What you need to do - Only the lines from the top of the data through the one with "Kontrolden çıkan araç takla attı: 1 yaralı" are to be written out, each exactly as it stands.

Dataset records
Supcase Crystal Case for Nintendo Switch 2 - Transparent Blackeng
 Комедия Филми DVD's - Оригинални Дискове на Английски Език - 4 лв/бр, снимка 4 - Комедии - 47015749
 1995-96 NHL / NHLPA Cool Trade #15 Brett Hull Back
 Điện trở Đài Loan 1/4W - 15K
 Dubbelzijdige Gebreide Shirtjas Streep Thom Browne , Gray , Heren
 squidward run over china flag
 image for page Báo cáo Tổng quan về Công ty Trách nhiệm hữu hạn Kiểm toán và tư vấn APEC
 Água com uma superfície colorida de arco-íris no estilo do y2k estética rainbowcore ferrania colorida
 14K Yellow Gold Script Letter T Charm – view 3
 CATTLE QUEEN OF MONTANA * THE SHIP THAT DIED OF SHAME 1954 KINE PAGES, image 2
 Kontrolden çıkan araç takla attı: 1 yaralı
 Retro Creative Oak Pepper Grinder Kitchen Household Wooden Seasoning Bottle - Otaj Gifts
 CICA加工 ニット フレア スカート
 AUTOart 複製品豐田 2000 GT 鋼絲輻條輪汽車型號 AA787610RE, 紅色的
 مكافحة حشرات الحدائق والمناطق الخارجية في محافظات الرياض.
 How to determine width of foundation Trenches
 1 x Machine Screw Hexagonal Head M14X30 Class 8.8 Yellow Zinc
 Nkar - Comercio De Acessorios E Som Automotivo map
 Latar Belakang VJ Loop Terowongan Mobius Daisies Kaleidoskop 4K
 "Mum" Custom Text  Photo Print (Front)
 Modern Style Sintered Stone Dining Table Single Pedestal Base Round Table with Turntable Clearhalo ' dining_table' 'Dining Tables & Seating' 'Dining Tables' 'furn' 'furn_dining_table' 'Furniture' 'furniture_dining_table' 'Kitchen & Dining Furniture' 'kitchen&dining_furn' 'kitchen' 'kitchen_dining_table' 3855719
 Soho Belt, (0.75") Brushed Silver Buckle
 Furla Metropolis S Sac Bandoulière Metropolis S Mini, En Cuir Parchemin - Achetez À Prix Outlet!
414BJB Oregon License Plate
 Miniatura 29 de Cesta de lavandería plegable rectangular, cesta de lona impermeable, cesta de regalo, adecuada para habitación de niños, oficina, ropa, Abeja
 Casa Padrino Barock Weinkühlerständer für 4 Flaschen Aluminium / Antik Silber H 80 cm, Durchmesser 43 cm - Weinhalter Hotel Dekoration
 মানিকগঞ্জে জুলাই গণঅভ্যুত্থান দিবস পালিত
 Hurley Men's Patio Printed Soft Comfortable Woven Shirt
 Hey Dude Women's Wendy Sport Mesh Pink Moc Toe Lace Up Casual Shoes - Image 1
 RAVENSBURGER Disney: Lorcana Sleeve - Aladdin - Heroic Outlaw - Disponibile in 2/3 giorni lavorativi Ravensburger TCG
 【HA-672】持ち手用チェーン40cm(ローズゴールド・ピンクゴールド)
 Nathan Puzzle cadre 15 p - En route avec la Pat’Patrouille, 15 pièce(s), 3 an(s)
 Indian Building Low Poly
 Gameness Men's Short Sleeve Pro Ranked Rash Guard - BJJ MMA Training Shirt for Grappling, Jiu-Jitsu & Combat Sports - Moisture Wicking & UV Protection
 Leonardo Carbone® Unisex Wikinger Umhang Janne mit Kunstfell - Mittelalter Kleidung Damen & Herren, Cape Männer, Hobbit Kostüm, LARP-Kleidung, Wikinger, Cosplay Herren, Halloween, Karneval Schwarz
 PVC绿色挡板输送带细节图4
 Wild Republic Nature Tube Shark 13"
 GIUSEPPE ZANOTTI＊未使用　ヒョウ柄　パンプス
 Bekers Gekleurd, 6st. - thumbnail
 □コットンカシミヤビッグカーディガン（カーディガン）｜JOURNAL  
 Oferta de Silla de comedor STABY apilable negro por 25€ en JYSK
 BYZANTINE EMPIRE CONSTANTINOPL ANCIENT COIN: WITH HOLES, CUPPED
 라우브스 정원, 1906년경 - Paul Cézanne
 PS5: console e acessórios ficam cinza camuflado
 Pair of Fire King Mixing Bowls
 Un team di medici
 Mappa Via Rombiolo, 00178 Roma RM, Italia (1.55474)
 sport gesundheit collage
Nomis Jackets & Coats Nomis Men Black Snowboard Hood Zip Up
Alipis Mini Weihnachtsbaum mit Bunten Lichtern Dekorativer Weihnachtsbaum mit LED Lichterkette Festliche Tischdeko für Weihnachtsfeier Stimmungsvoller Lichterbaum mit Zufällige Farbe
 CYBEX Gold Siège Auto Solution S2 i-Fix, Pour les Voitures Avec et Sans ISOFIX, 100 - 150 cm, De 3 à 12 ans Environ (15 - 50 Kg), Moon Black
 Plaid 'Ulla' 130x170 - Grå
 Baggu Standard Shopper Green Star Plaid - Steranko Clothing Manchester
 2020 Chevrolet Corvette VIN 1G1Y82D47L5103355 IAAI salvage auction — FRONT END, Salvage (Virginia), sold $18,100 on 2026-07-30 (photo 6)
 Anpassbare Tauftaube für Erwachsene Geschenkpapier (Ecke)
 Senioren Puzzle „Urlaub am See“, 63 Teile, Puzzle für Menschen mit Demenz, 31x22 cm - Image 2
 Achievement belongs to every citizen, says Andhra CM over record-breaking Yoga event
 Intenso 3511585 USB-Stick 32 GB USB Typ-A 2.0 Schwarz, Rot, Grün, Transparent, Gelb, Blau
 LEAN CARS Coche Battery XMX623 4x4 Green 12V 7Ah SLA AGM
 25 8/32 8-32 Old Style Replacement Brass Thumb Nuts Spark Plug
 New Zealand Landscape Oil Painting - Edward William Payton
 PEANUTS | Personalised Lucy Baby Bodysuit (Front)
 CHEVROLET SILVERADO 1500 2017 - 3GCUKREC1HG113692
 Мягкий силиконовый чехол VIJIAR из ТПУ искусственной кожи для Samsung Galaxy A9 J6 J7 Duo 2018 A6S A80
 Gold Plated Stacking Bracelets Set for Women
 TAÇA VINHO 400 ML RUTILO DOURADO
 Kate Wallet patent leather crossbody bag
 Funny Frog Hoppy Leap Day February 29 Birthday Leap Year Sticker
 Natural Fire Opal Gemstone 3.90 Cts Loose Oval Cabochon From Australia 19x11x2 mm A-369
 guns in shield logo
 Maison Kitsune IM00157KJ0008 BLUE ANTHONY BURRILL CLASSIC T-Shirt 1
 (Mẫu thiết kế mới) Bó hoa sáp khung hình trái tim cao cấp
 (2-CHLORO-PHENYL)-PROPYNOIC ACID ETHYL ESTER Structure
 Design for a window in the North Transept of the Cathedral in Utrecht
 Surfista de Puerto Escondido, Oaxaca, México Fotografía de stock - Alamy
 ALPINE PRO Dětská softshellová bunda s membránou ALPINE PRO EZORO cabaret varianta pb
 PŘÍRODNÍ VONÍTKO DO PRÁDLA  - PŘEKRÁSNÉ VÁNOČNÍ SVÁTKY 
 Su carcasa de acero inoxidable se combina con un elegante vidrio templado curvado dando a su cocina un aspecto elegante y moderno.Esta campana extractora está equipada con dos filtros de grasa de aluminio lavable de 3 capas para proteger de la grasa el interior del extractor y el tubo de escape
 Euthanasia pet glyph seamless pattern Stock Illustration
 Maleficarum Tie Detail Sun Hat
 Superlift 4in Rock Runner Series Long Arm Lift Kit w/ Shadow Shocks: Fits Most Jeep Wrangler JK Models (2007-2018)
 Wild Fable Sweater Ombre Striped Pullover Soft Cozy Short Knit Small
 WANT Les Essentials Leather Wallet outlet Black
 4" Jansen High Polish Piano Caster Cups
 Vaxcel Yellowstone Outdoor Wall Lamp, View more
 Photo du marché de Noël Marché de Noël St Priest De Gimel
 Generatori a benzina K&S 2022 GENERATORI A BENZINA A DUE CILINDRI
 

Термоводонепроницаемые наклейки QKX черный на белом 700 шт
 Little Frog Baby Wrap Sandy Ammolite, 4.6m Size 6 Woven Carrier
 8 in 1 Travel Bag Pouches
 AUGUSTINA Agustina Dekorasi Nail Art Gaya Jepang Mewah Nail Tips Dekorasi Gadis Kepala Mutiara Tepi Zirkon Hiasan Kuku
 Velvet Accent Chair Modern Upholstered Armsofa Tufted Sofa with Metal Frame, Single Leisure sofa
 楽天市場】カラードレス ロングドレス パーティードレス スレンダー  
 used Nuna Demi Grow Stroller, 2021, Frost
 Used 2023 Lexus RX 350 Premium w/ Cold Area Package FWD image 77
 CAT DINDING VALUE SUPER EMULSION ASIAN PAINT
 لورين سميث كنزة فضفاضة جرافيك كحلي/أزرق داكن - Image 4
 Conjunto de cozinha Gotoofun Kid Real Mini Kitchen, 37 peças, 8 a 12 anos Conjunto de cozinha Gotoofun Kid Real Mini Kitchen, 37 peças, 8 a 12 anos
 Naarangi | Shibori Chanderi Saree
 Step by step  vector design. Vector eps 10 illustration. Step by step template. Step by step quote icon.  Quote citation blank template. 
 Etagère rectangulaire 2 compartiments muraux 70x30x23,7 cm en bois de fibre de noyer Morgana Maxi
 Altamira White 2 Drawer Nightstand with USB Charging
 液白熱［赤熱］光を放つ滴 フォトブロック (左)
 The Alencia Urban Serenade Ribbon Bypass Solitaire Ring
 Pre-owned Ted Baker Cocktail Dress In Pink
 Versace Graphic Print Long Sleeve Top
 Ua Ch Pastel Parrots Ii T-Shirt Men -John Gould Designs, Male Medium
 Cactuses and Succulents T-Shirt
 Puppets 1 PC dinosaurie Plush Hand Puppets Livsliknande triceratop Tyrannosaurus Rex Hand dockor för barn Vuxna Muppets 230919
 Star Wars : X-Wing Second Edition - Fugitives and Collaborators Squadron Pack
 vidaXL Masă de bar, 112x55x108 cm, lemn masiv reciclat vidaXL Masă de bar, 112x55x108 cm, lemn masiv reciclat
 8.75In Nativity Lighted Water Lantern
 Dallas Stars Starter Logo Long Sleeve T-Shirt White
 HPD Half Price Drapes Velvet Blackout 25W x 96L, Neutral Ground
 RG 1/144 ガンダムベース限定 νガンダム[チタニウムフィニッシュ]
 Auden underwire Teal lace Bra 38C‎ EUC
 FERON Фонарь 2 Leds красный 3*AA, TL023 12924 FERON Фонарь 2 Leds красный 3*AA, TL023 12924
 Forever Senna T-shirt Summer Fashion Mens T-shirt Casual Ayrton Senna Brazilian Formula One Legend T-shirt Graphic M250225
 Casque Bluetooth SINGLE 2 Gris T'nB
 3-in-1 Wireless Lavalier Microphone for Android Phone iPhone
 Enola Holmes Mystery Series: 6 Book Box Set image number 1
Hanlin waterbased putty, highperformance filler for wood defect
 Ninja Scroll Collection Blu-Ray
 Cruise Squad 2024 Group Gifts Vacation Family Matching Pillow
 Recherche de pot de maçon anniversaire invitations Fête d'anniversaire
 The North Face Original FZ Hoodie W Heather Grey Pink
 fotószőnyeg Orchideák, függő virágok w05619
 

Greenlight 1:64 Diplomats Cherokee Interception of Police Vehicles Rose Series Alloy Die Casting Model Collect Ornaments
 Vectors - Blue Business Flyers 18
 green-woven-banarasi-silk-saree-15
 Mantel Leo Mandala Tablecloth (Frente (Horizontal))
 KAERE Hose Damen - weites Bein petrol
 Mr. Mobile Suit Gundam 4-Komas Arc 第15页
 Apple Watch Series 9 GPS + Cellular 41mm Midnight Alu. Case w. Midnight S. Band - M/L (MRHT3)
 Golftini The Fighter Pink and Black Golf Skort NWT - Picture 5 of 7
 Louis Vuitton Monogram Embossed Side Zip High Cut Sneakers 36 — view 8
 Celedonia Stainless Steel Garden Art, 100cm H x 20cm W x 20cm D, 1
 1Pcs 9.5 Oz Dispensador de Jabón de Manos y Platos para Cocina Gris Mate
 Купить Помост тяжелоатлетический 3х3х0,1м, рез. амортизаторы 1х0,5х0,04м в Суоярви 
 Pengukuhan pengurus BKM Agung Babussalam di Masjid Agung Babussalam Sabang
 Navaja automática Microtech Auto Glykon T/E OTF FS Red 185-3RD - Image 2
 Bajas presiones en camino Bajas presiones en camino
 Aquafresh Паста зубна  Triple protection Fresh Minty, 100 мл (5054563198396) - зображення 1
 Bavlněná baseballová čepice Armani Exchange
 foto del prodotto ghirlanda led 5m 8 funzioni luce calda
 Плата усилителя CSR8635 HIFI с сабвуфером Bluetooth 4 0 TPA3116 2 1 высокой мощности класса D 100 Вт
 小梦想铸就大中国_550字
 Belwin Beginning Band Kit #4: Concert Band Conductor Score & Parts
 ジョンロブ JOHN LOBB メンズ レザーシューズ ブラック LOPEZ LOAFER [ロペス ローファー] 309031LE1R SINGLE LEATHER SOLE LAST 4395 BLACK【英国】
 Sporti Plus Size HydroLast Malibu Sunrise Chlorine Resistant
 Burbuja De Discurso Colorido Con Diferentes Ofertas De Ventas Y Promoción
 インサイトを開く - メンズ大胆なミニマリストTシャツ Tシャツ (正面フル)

Answer below -
Supcase Crystal Case for Nintendo Switch 2 - Transparent Blackeng
 Комедия Филми DVD's - Оригинални Дискове на Английски Език - 4 лв/бр, снимка 4 - Комедии - 47015749
 1995-96 NHL / NHLPA Cool Trade #15 Brett Hull Back
 Điện trở Đài Loan 1/4W - 15K
 Dubbelzijdige Gebreide Shirtjas Streep Thom Browne , Gray , Heren
 squidward run over china flag
 image for page Báo cáo Tổng quan về Công ty Trách nhiệm hữu hạn Kiểm toán và tư vấn APEC
 Água com uma superfície colorida de arco-íris no estilo do y2k estética rainbowcore ferrania colorida
 14K Yellow Gold Script Letter T Charm – view 3
 CATTLE QUEEN OF MONTANA * THE SHIP THAT DIED OF SHAME 1954 KINE PAGES, image 2
 Kontrolden çıkan araç takla attı: 1 yaralı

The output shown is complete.